[[ RECORDED INFORMATION, beginning ]]
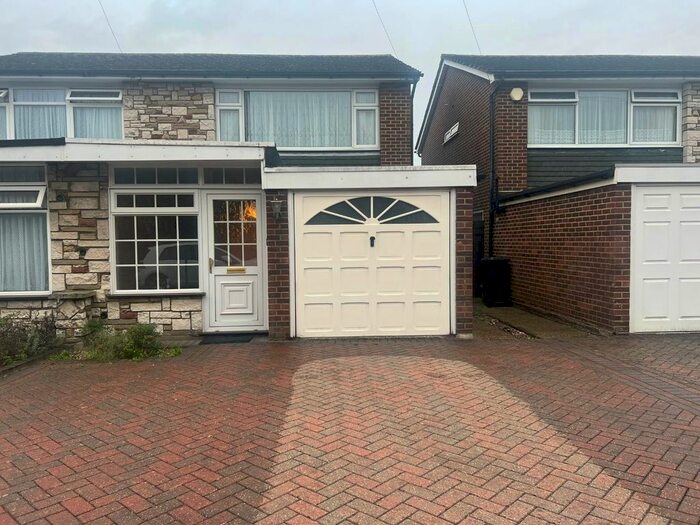 3 Bedroom End Of Terrace House To Rent In Walnut Tree Close, Cheshunt, Waltham Cross, EN8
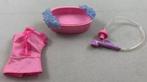 Barbie Clean Up Pup kleding 67475 Mattel 2008 pop, Verzamelen, Poppen, Postbus 64461, Brunssum, Nederland, Verzenden, Kenduseditemsinfo@gmail.com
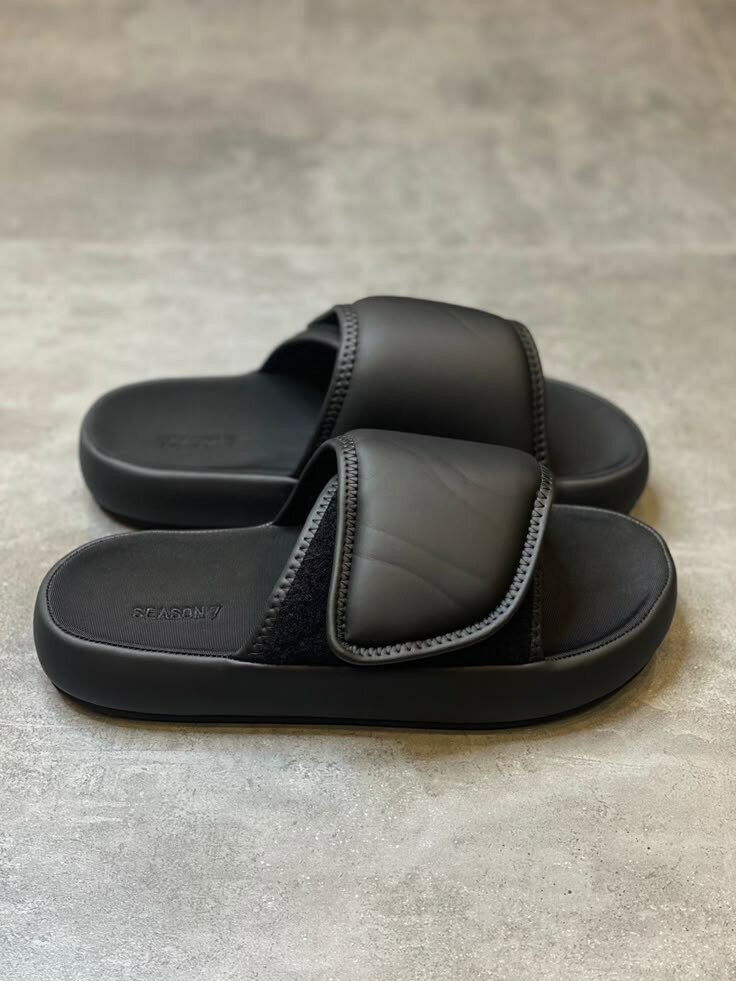 Rubber sandals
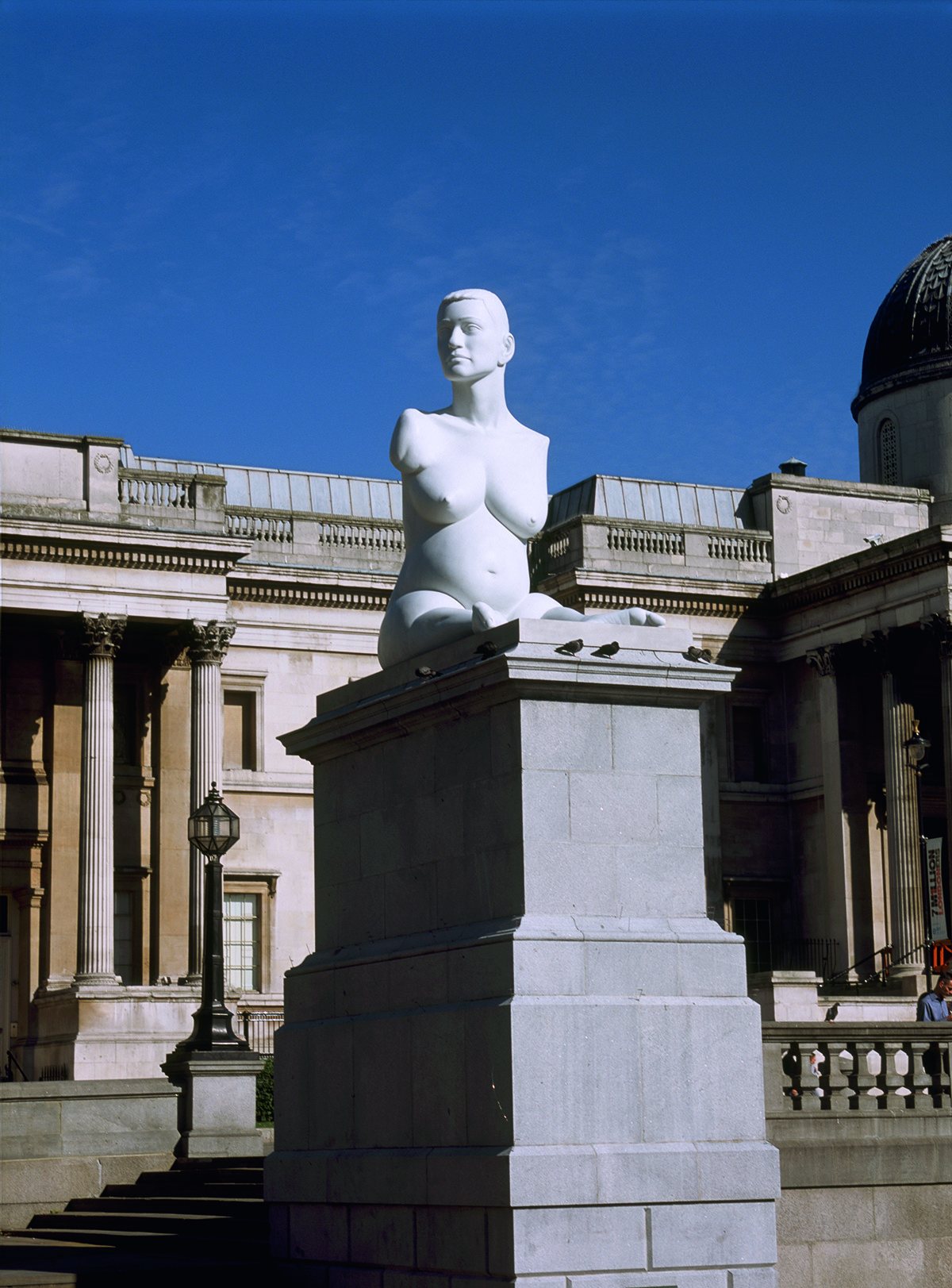 sculpture of a pregnant woman
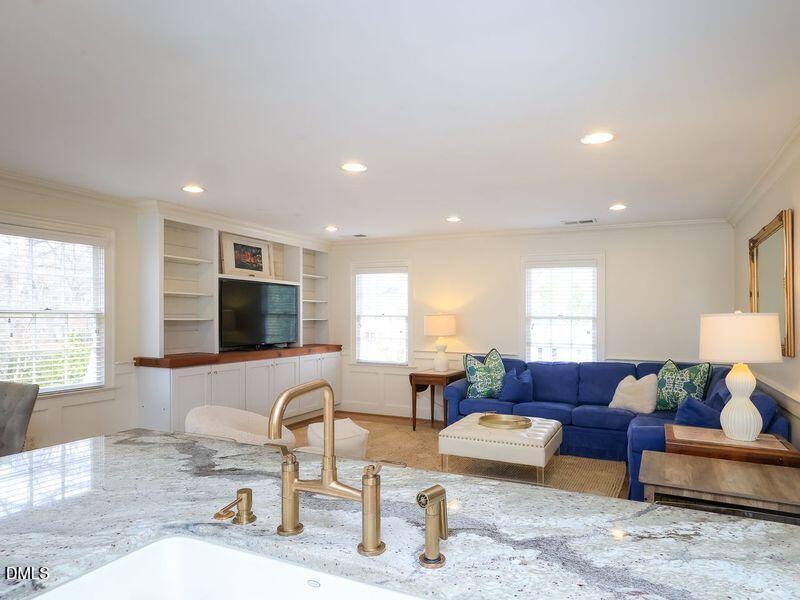 211 Westridge Dr, Raleigh, NC 27609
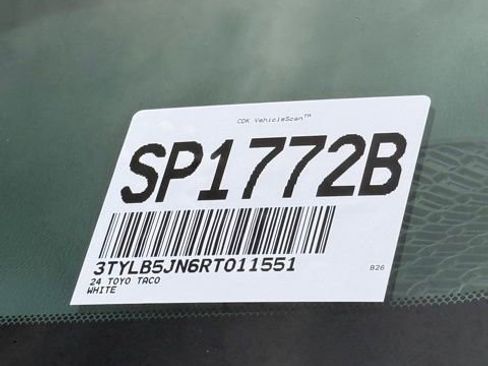 Used 2024 Toyota Tacoma TRD Off-Road image 33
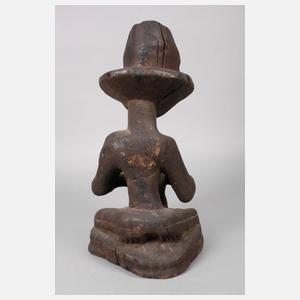 Figürliche Schnitzerei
[[ RECORDED INFORMATION, end ]]
■ WORK REQUEST: Copy, exactly and exclusively, the lines beginning with the one that contains "Rubber sandals" and ending with the last line of the listing; pictures are to be omitted.

■ ANSWER TO THE PROBLEM:
 Rubber sandals
 sculpture of a pregnant woman
 211 Westridge Dr, Raleigh, NC 27609
 Used 2024 Toyota Tacoma TRD Off-Road image 33
 Figürliche Schnitzerei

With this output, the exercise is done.